Des hordes de cyclomoteurs conduits par des hommes arborant des drapeaux de l'Inde venus de villages voisins ont surgi au côté de camions où se sont entassées des centaines de personnes.

Aux cris de «Bharatmata ki jai!» («Je vous salue notre mère l'Inde!»), «Anna Hazare zindabad!» («Longue vie à Anna Hazare!»), la foule a clamé son désir de voir disparaître la corruption et amender le projet de loi proposé par le gouvernement, sur lequel se sont cristallisées les demandes du militant.

«Je voulais aller à Delhi mais je n'avais pas réalisé que Ralegan Siddhi était si près», confie Bipin Mahawar, un banquier d'affaires de 30 ans venu de Pune.

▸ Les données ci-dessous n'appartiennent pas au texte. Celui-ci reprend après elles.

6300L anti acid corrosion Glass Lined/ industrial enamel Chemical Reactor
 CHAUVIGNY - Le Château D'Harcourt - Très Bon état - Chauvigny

«J'ai donc décidé de venir d'abord ici pour rejoindre le mouvement d'Anna. Ça me donne un sentiment de satisfaction», assure-t-il à l'AFP.

Venu d'un village proche de Nashik, à environ 180 km au nord-est de Bombay, Ramesh Deshmukh estime de son côté qu'«Anna Hazare est une bonne personne».

«Il agit pour l'humanité et utilise des principes de non-violence. Ce qu'il fait est important et aura un impact dans les villages», affirme cet homme de 64 ans. «La corruption est partout. C'est le plus grand mouvement depuis 1947, alors on doit en faire partie. Je veux lutter pour ça».

Pour Rajendra Kumar Patidar, 59 ans, Shyamlal Mukati, 56 ans, et Jagdesh Patidar, 63 ans, Ralegan Siddhi constitue un arrêt sur la route les menant de leur fermes près d'Indore, dans l'État voisin du Madhya Pradesh, à la capitale.

Ces paysans ont pris le bus de nuit pour arriver au village, avant d'attraper un train qui les mènera à New Delhi après 15 heures de voyage. Anna Hazare a entamé mercredi son huitième jour de jeûne.

«Je ne porte pas de sandales ni de chaussures pendant qu'Anna jeûne», lance Jagdesh Patidar, montrant d'un geste ses pieds nus.

«Le pays est totalement gangrené par la corruption et les plus touchés sont les paysans. Chaque Indien a le devoir de le soutenir», juge-t-il.

Un commerçant du village, Ganesh Awari, 25 ans, regarde les images à la télévision montrant l'esplanade noire de monde à New Delhi en regrettant n'avoir pu partir avec les 200 habitants ayant fait le voyage pour le soutenir.

«Quand on le voit à la télévision, on est très fier de lui. Il se met debout pour le pays tout entier», dit-il.